Summary: Some Online Sources of Fiction, 2005

Now to a variety of SF-oriented sites that occasionally publish fiction.

1. infinity plus (<http://www.infinityplus.co.uk/index.htm>)

infinity plus has been around for several years. It's an outstanding general interest SF site, maintained by Keith Brooke with the help of Nick Gevers and Paul Barnett. It features plenty of articles and interviews, and a ton of stories and novel excerpts. Most of the stories are reprints, but very occasionally they publish originals. The main focus seems to be to promote authors' new releases, with lots of novel excerpts and occasionally a story or two from a new collection.

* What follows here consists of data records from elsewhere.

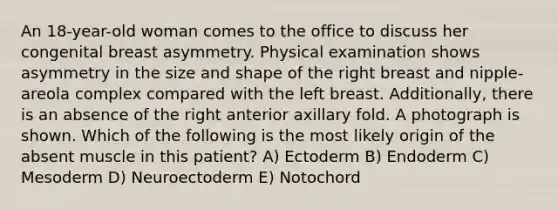 An 18-year-old woman comes to the office to discuss her congenital breast asymmetry. Physical examination shows asymmetry in the size and shape of the right breast and nipple-areola complex compared with the left breast. Additionally, there is an absence of the right anterior axillary fold. A photograph is shown. Which of the following is the most likely origin of the absent muscle in this patient? A) Ectoderm B) Endoderm C) Mesoderm D) Neuroectoderm E) Notochord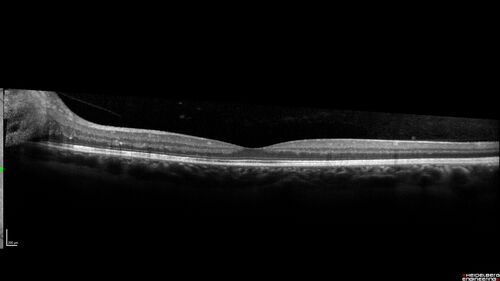 Neuroretinitis Left Eye
29 year old female - The left eye blurred up and she had double vision back in 2/2019 and March.  It has gradually improved so this past month the vision in the left eye is getting better.  Her MRI scan of her orbits with and without contrast was normal.  She had no pain in the eye with or without eye movement when the vision was blurred.  She has a cat for over 5 years. She has no exposure to kittens or stray cats and her cat is an indoor cat.  
VA OD: sc20/12 
VA OS: sc20/16-1 

All uveitis testing was negative (cat scratch, RPR, FTA-ABS, Sarcoid test, lyme test, TB testing.  She later developed recurrent uveitis without optic nerve involvement.
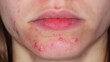 © pengfei - High-Resolution Medical Illustration of Herpes Simplex Virus Infection Showing Cold Sore Outbreak, Viral Skin Disease, Dermatology Healthcare Concept and Microscopic HSV Particles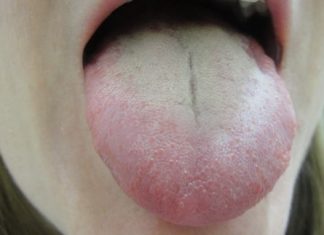 Home Remedies for White Tongue Treatment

This year I counted 5 new stories, one a novella, the rest short stories (one short-short), totaling some 28,000 words. The authors were Anna Tambour, Beth Webb, Nick Jackson, Guy Hasson, and Zoran Zivkovic. The novella was "Her Destiny", by Hasson, actually a reprint from a magazine aimed at publishing international SF (Hasson is an Israeli). My favorite stories, perhaps predictably, were from the two authors I recognize: Tambour and Zivkovic.

2. SF Crowsnest (<http://www.sfcrowsnest.co.uk/>)

This is a European SF site, edited by Stephen Hunt, somewhat newsy and reviewsy. I saw three short-shorts there, two by Geoff Wilmetts and one by Lori Simpson. They qualify as cute but not particularly memorable -- more or less what you'd expect from short-shorts. I could have missed a story or two along the way.

3. SciFi Dimensions (<http://www.scifidimensions.com/>)

Another newsy site, edited by John C. Snider. There were five new stories here, all short stories, about 18000 words total. I rather liked a story by William Ledbetter, "Ascension Salad", about a man who has lost his lover to digital upload.

4. The Agony Column (<http://trashotron.com/agony/>)

This is Rick Kleffel's site, another newsy/reviewsy thing, pretty interesting mostly for Rick's reviews. He publishes very occasional fiction -- one story this year, "Botticelli" by Elizabeth Bear (3900 words) -- a good story.

5. From the Asylum (<http://www.fromtheasylum.com/>)

A fiction/poetry site. They published 29 stories last year. I admit I only read one, "Uncle Plum's Lunar Expedition", a 10,000 word novelette by Paul E. Martens. This is a P. G. Wodehouse pastiche, featuring Wodehouse himself as a character, traveling to the Moon to help his nephew out of a romantic tangle. It's funny enough, pretty entertaining, though, not I hope surprisingly, not a patch on Wodehouse.